## WHAT THE EXERCISE ASKS
Write out the data below exactly as given, without any of its pictures.

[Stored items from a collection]
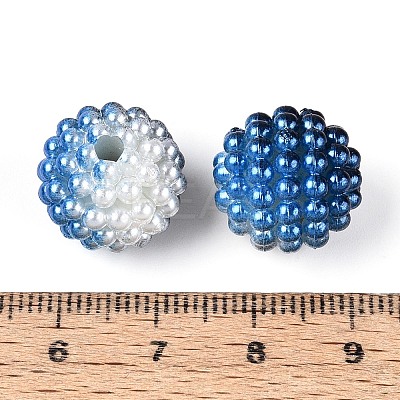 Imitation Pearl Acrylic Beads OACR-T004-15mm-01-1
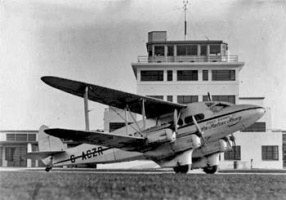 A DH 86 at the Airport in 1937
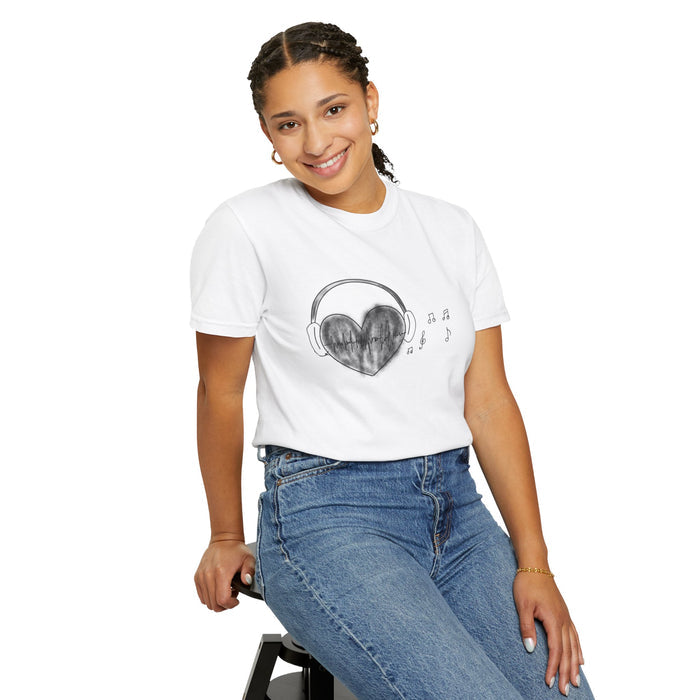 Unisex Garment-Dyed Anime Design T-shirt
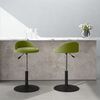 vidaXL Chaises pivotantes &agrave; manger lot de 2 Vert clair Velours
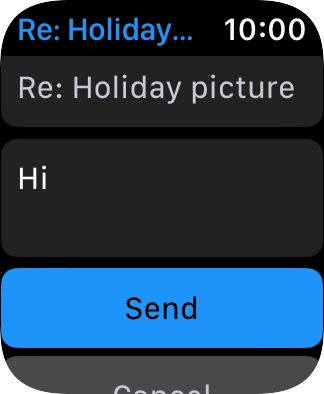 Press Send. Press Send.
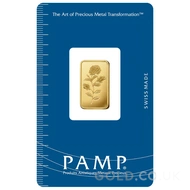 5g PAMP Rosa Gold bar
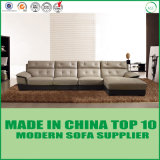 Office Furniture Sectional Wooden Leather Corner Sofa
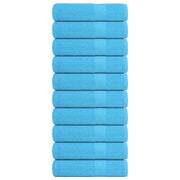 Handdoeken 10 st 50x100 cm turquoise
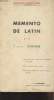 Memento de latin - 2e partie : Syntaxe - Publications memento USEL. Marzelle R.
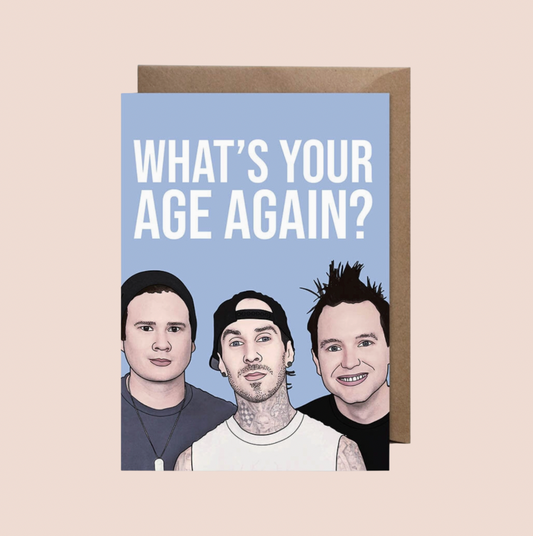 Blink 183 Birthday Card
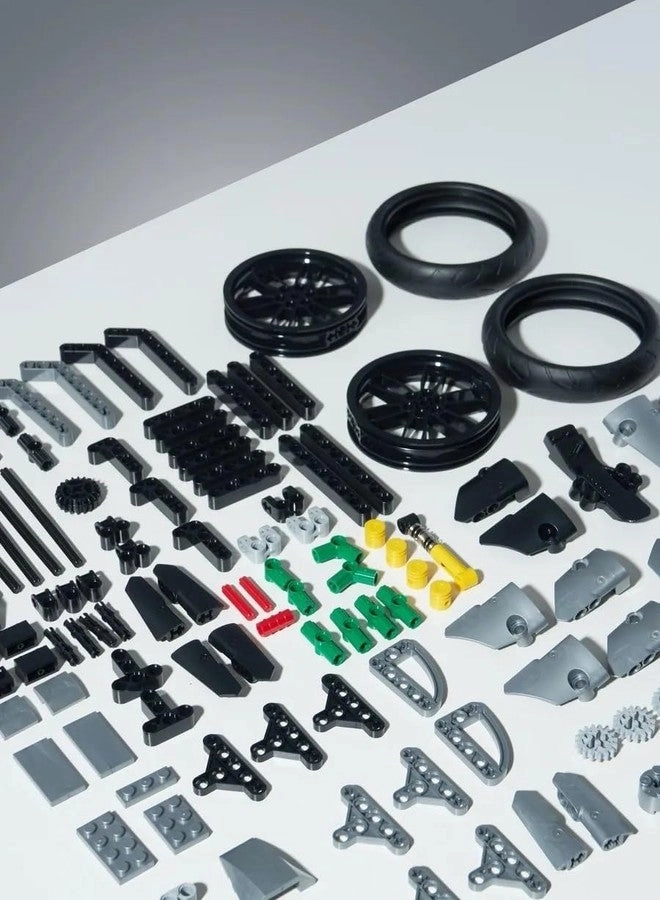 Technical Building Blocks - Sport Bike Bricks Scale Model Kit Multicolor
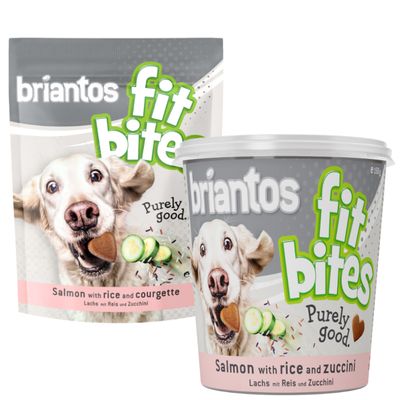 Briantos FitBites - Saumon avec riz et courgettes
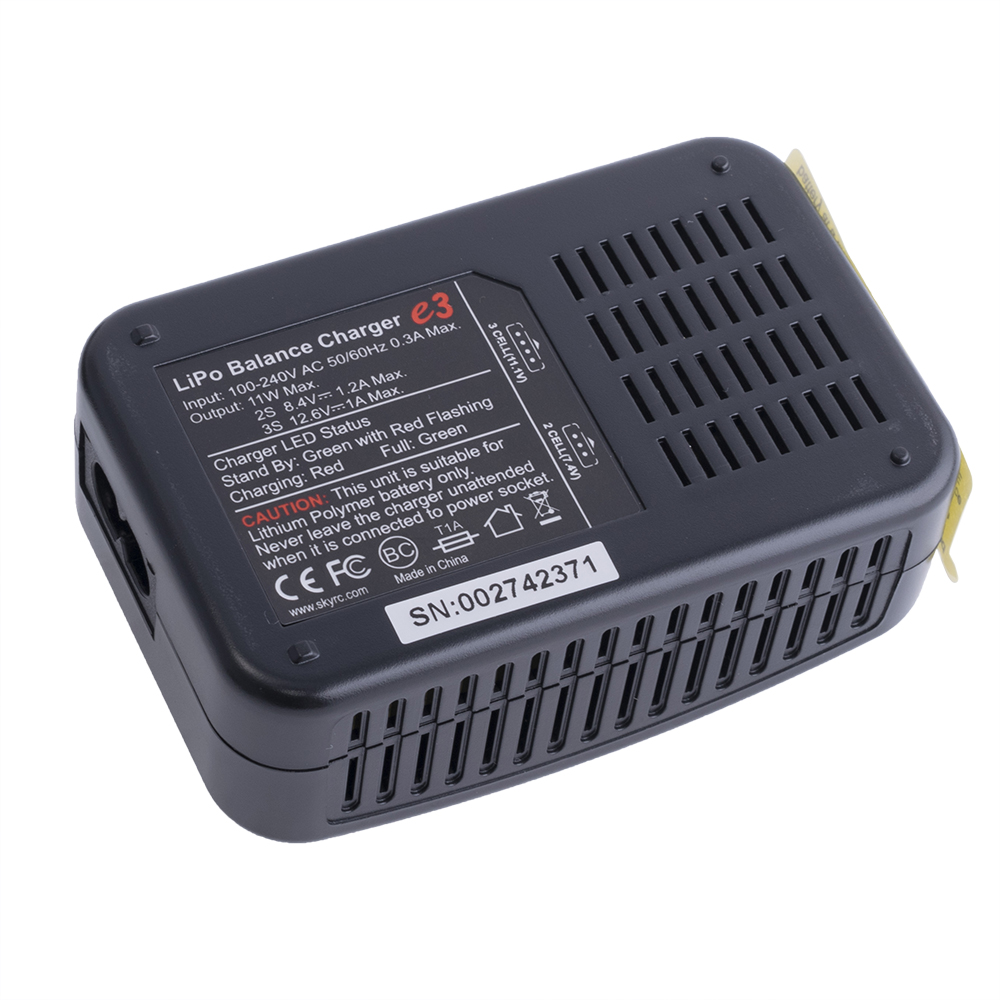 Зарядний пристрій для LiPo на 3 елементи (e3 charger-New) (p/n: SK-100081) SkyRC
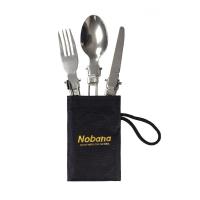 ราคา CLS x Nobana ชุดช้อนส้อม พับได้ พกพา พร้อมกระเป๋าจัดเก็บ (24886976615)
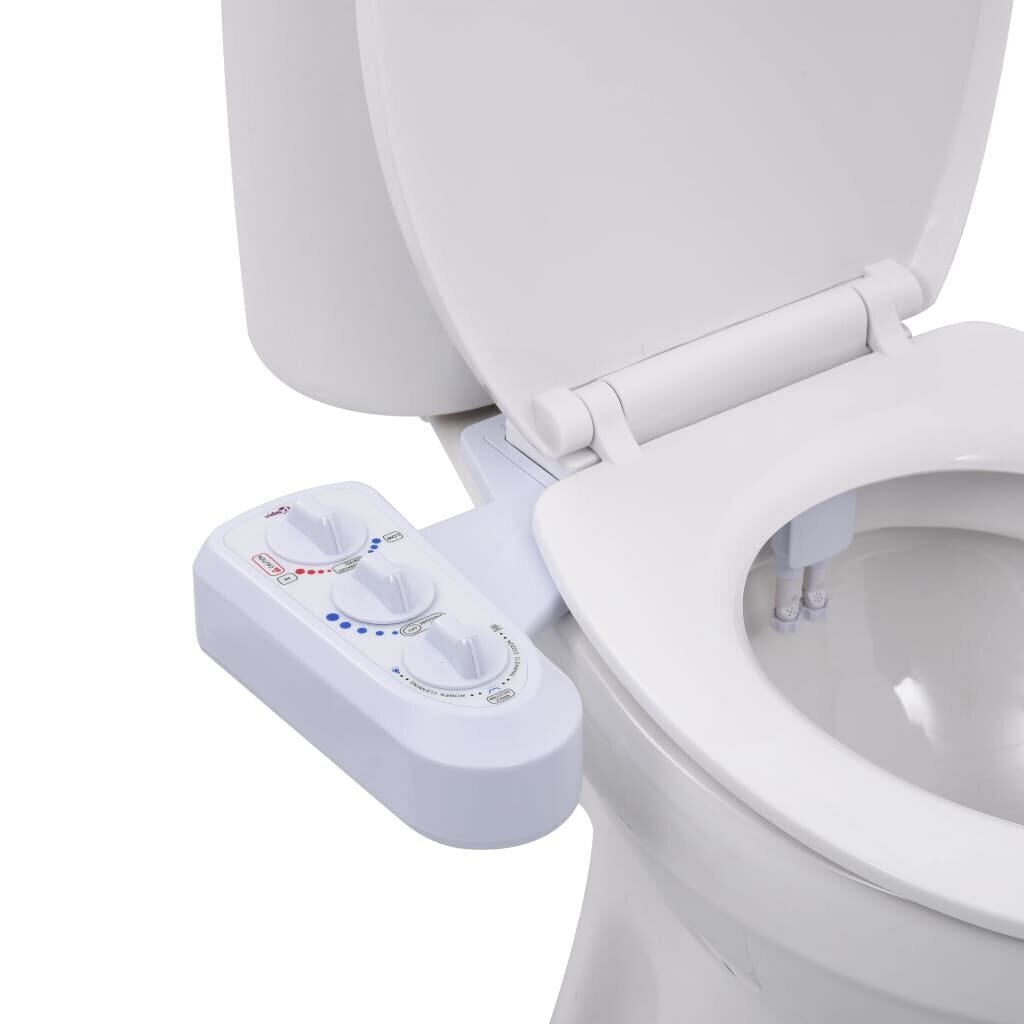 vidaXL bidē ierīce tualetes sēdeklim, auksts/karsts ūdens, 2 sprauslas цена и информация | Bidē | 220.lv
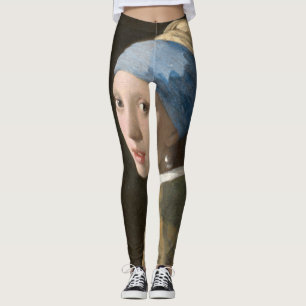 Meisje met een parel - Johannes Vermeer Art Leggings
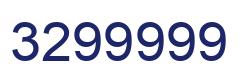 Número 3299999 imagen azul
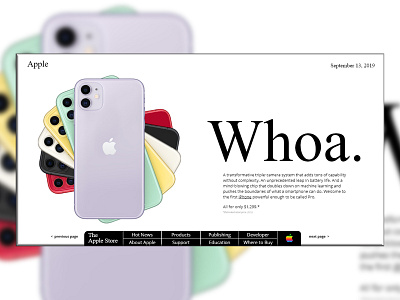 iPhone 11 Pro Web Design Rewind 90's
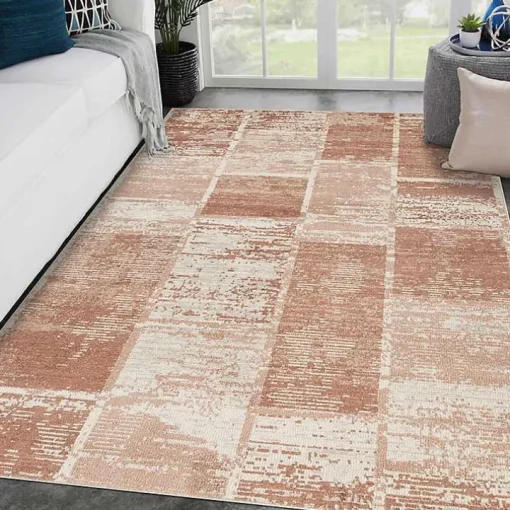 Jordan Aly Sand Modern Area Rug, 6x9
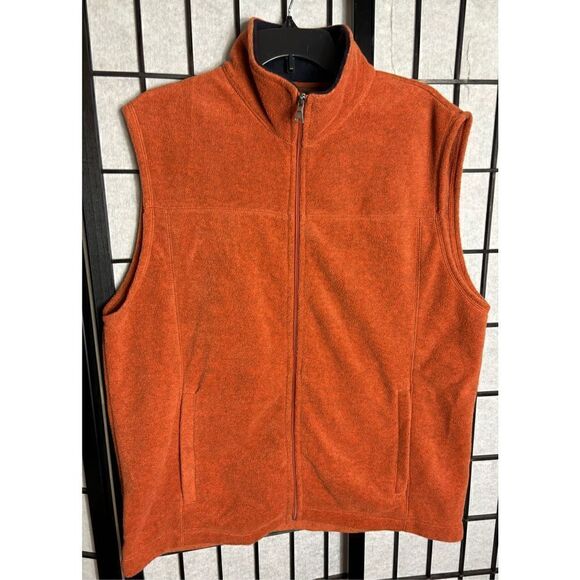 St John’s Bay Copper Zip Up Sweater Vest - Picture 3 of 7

## PROBLEM SOLUTION
 Imitation Pearl Acrylic Beads OACR-T004-15mm-01-1
 A DH 86 at the Airport in 1937
 Unisex Garment-Dyed Anime Design T-shirt
 vidaXL Chaises pivotantes &agrave; manger lot de 2 Vert clair Velours
 Press Send. Press Send.
 5g PAMP Rosa Gold bar
 Office Furniture Sectional Wooden Leather Corner Sofa
 Handdoeken 10 st 50x100 cm turquoise
 Memento de latin - 2e partie : Syntaxe - Publications memento USEL. Marzelle R.
 Blink 183 Birthday Card
 Technical Building Blocks - Sport Bike Bricks Scale Model Kit Multicolor
 Briantos FitBites - Saumon avec riz et courgettes
 Зарядний пристрій для LiPo на 3 елементи (e3 charger-New) (p/n: SK-100081) SkyRC
 ราคา CLS x Nobana ชุดช้อนส้อม พับได้ พกพา พร้อมกระเป๋าจัดเก็บ (24886976615)
 vidaXL bidē ierīce tualetes sēdeklim, auksts/karsts ūdens, 2 sprauslas цена и информация | Bidē | 220.lv
 Meisje met een parel - Johannes Vermeer Art Leggings
 Número 3299999 imagen azul
 iPhone 11 Pro Web Design Rewind 90's
 Jordan Aly Sand Modern Area Rug, 6x9
 St John’s Bay Copper Zip Up Sweater Vest - Picture 3 of 7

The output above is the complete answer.